Hornby Castle Project – from Pre-Conquest to War of the Roses and beyond

Castle Studies Trust’s expert grant assessor Erik Matthews reveals the findings of the 10 years (and counting) excavation he has been directing of Hornby Castle in Wensleydale North Yorkshire.

  A programme of archaeological fieldwork involving excavation with some building recording has been in progress since 2010 with the new season due to commence as soon as conditions will allow. It has focussed on the site of a moated hunting lodge of the Dukes of Brittany referred to in a Charter dated to 1115. It was subsequently used as a “pleasaunce” for first the Nevilles of Redbourne in Lincolnshire and later the Conyers  before its destruction in a military attack at the end of the Wars of the Roses.

Pre-conquest origins

  Recent work has focussed on the kitchen where oven structures have been recovered with traces of a wooden tank for holding live fish prior to their cooking. A stone sink with a wooden drain leading into the moat to the north has been found with a cherry stone recovered from it. There was also traces of a fireplace which collapsed with the remainder of the building sending a plume of ash into the room. Following the discovery of residual artefacts of Pre-Conquest date from the kitchen floor including a carved walrus ivory handle, a sherd of Pre Conquest glazed pottery made in Northern Germany and piece of  fine worked bone casket, it was decided to section the floor to find evidence of an earlier structure beneath. Evidence of a wooden floored, stave walled structure was found which may be associated with the immediate Pre-Conquest tenant Arnekill who was of noble birth and related to the Earls of Northumbria.

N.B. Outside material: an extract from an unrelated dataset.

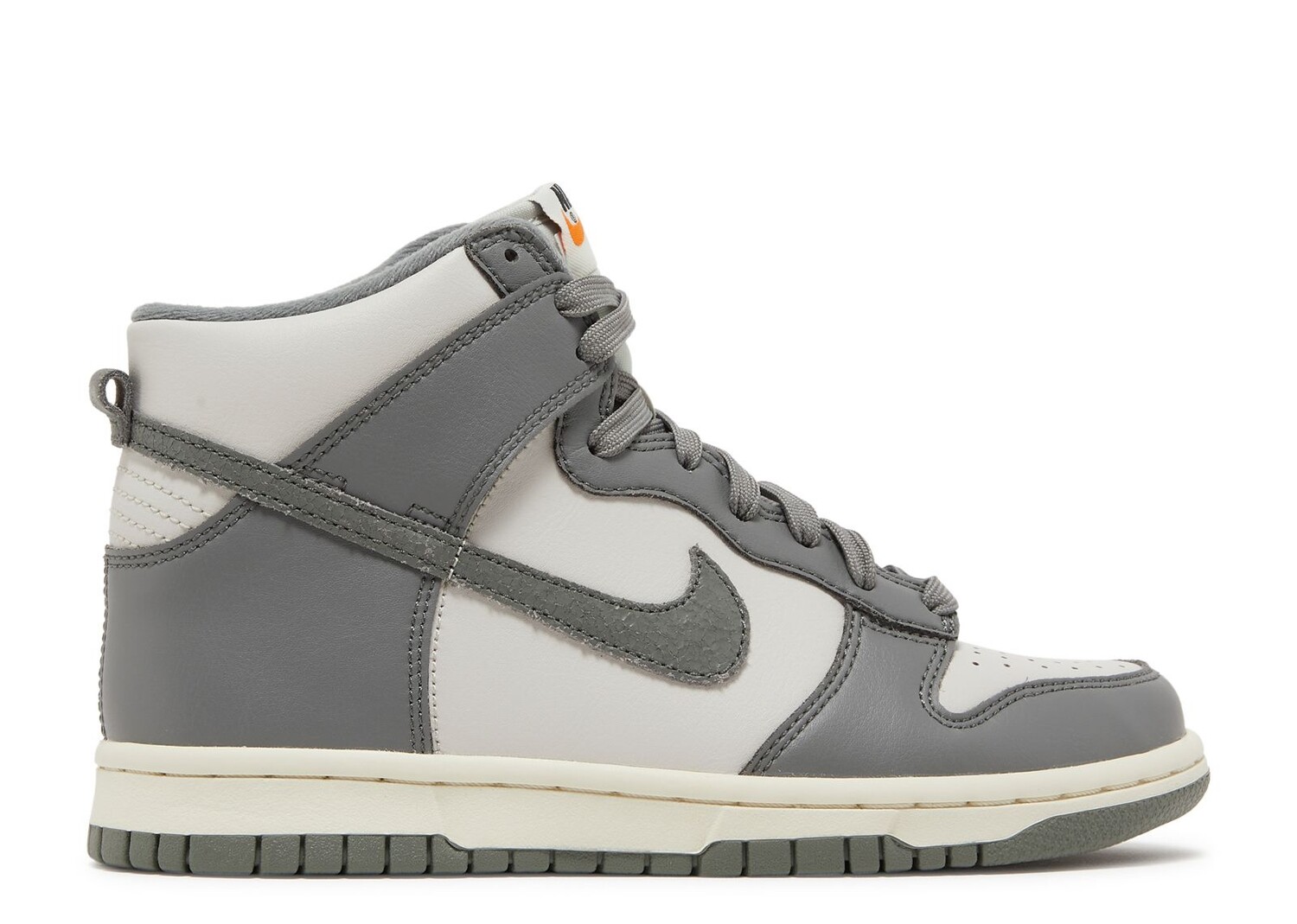 

Кроссовки Nike Dunk High Se Gs 'Light Bone Tumbled Grey', серый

   Examination of the remains of the kitchen front wall yielded evidence of the ferocity of the destruction of the complex with the recovery of a large stone cannon ball (below)from a heavy calibre cannon which had become embedded in it. Close by a carved Nidderdale marble capital was found which has been dated to the 12th Century and which may have come from a chapel in nearby.

Stone canon ball found in the kitchen front wall (copyright Erik Matthews)

The Great Tower – post medieval survival?

The 2019 season focussed on a section of the moat which located traces of a stone bridge abutment and wooden foot bridge surviving in the moat silts heading towards an earthwork in an adjacent field.  The main discovery has however been evidence of an ashlar clad stone Great Tower. Two wall foundations 2.8 metres wide sunk into a rock clad mortar embankment rising some 1.2 metres have been located to the north and west. The north wall includes the remains of a robbed out spiral stair. Internal features include an internal chamber with very thick walls which may have been a strong room, also a corridor from the floor of which an iron knife was recovered blade down! Evidence of an external doorway heading to the north towards the area of the most bank has been recovered and a small section of roofing lead together with lime slurry suggests an impressive structure. The close proximity of the foundations to the modern ground surface suggest tantalisingly that the structure may have survived as a ruin into the relatively recent past.